◆ EXERCISE PROMPT
Using the entries that follow, establish how many lines contain the word "Hoodie" and give only that figure.

[Items listed in a dataset]

• • • • • • •

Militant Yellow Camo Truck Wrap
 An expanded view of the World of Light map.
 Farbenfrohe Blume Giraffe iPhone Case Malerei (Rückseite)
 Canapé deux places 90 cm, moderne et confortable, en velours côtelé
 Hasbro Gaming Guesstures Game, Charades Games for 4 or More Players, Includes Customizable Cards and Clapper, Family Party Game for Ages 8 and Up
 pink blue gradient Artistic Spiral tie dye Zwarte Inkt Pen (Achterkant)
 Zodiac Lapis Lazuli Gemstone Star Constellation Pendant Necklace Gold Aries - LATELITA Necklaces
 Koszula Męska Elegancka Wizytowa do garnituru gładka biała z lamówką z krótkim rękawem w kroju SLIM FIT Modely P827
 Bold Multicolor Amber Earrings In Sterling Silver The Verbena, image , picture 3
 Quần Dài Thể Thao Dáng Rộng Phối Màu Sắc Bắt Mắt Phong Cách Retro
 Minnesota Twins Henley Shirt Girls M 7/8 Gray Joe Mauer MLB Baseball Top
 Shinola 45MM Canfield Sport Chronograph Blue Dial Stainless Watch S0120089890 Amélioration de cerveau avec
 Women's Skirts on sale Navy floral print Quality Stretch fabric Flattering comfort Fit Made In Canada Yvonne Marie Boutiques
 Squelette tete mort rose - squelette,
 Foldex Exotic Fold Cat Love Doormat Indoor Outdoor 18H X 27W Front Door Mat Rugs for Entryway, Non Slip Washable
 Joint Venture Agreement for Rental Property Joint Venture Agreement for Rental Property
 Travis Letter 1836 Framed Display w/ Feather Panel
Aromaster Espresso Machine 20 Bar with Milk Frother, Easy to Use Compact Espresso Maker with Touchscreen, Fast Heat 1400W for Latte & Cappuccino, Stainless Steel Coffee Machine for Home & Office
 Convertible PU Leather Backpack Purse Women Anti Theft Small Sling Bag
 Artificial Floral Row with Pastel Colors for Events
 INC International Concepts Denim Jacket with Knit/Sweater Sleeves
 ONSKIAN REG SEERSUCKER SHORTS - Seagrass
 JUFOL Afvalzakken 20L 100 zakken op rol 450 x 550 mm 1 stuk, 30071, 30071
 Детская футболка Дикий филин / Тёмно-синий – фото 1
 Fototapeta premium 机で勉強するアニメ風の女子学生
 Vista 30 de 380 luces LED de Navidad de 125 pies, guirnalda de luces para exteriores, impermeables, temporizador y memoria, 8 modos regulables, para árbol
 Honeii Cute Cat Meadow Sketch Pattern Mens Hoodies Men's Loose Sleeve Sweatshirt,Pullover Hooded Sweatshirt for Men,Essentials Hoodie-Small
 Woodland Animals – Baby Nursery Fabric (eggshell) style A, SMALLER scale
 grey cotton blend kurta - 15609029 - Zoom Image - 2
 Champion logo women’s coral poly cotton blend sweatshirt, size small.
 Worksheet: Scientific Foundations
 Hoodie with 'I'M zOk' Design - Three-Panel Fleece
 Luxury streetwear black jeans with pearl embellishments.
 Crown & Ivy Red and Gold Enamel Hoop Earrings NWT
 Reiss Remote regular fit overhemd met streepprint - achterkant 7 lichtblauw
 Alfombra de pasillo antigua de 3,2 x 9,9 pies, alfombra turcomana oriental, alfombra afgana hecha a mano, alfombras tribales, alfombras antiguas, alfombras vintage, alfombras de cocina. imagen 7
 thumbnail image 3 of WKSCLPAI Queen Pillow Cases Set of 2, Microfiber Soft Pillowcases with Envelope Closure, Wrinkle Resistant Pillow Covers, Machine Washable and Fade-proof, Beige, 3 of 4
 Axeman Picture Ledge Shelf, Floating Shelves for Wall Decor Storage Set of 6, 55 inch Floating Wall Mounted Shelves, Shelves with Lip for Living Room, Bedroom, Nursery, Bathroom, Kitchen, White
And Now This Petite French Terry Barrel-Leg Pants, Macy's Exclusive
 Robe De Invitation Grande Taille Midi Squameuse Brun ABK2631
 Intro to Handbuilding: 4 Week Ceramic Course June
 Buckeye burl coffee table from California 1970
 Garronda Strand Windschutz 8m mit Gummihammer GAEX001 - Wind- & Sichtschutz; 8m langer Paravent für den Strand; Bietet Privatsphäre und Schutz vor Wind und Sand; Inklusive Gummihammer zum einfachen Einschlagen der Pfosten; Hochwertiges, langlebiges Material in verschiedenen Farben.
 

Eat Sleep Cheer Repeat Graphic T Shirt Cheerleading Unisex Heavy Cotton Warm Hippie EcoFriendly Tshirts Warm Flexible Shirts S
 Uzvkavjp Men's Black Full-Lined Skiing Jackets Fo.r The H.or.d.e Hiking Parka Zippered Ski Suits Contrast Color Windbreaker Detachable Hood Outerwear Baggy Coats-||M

• • • • • • •

◆ SOLUTION FOR THIS EXERCISE
2